Already ranked 12th by the WBA, ‘The Baby Faced Assassin’ shall be a keen ringside spectator at the IBF World title spat between north-east rivals Stuey Hall and Martin Ward at Newcastle’s Metro Radio Arena on Saturday 29th March. And don’t be surprised if, post-fight, piston Paul is trying to goad the winner into chancing their arm against him this summer, in what would be another big domestic blockbuster.
Hall-Ward forms part of a triple title bill – which also includes Jon Lewis Dickinson’s British title defence against Yorkshire bomber Neil Dawson and ex world amateur champion Frankie Gavin defending his Commonwealth welter strap against Namibia’s Sacky ‘The Snake’ Shikukuta – can be seen live and exclusive in the UK on BoxNation, the Channel of Champions from 7pm on Sky Ch. 437/HD 490 and Virgin Ch.546. Join at www.boxnation.com
On Saturday morning, boxing writer Glynn Evans rang the 25 year old contender from Ellesmere Port to hear his views on the principals and his prediction on who will triumph.

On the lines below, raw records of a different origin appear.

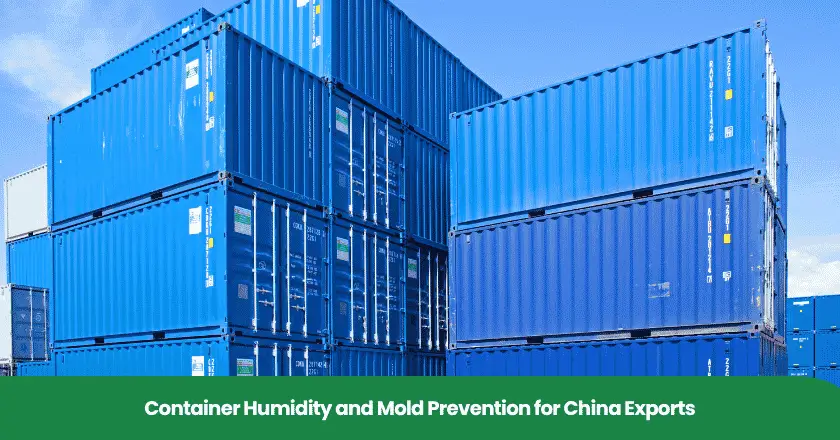 Container Humidity and Mold Prevention for China Exports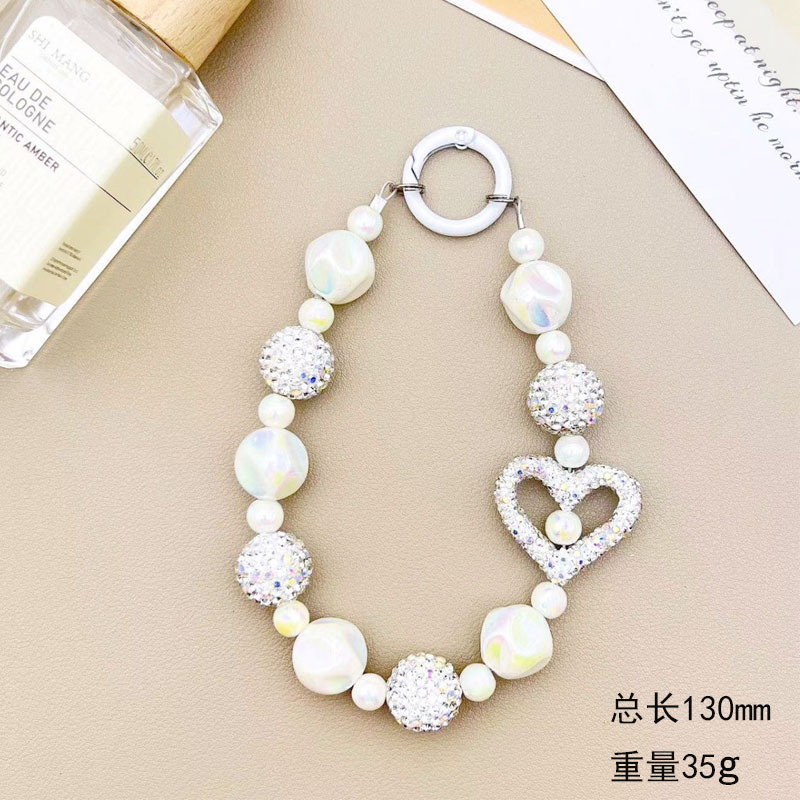 라인스톤 러브 행잉 체인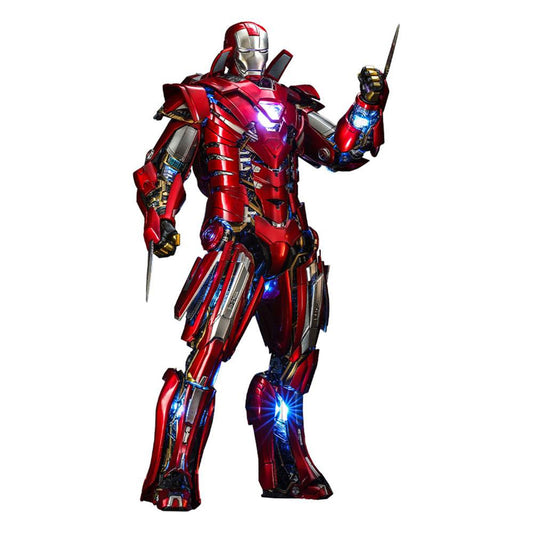 Iron Man 3 Movie Masterpiece 1/6 Silver Centurion (Armor Suit Up Version)
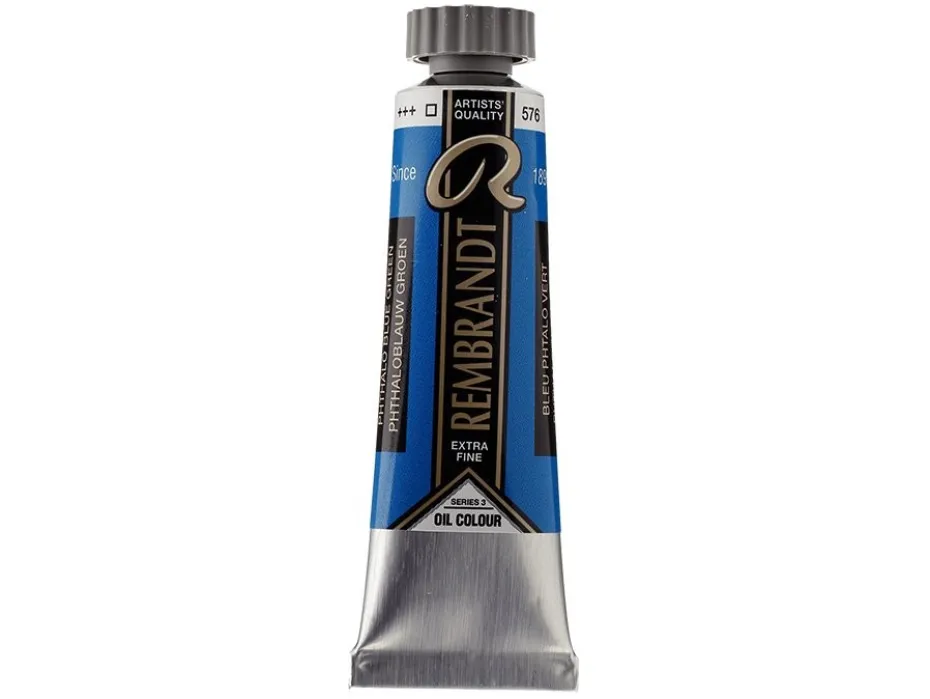 Rembrandt Olje 15ml – 576 Phthalo blue green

“I was at Stuey’s title win over Vusi Malinga in Leeds last December and I’ll be ringside for this one too. It should be a great fight. Hopefully, they’ll really knock lumps out of one another and I can take advantage down the line!
We’ve been planning a challenge for the IBF World Bantamweight title since December. Frank (Warren) reckons I’m big enough and strong enough to succeed at world level up at 8st 6(lbs) and it’s probably easier to negotiate than to bring one of the foreign super-fly champions over. I had hoped to be Stuey’s first challenger. Hopefully, I’ll meet whoever wins this one. I’d have no issue about going up to the north-east. I’ll fight the champion, wherever.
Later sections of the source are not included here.